Quem chega à Casa dos Bicos nota imediatamente que alguma coisa se passa. Polícia e baias de segurança criam um perímetro à porta da Fundação Saramago. Um pouco mais ao lado, uma dezena de manifestantes empunha cartazes e vários exemplares do livro que não querem que outros comprem. O livro que pretende ser uma história de inclusão para crianças, é interpretado pelos manifestantes como uma lavagem cerebral.

Ao SAPO24, em tom alto para se fazer ouvir e chamar à atenção daqueles que entravam na Fundação Saramago, um dos manifestantes diz não poder aceitar que as crianças tenham acesso aquele manifesto e não admite que tenha sido patrocinado pela Comissão pela Cidadaniae Igualdade de Género.
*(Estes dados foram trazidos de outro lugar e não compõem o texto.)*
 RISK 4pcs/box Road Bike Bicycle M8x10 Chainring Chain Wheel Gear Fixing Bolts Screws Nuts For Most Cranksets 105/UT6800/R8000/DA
À volta, entre as bandeiras de Portugal, há vários cartazes, “eu digo não à ideologia de género” sendo a frase mais comum. Mais tarde, durante a apresentação, a autora haveria de explicar que, ao contrário do que os manifestantes dizem, o livro não foi financiado pela CIG, apenas patrocinado o seu conteúdo.

Para entrar na casa do prémio Nobel português a segurança é apertada. Durante a verificação de identificação os pedidos de desculpa são vários, mas explicam não querer correr riscos. O clima é tenso, parece ser palpável que a frase ou o movimento errados podem fazer com que a história que se conta esta noite seja diferente.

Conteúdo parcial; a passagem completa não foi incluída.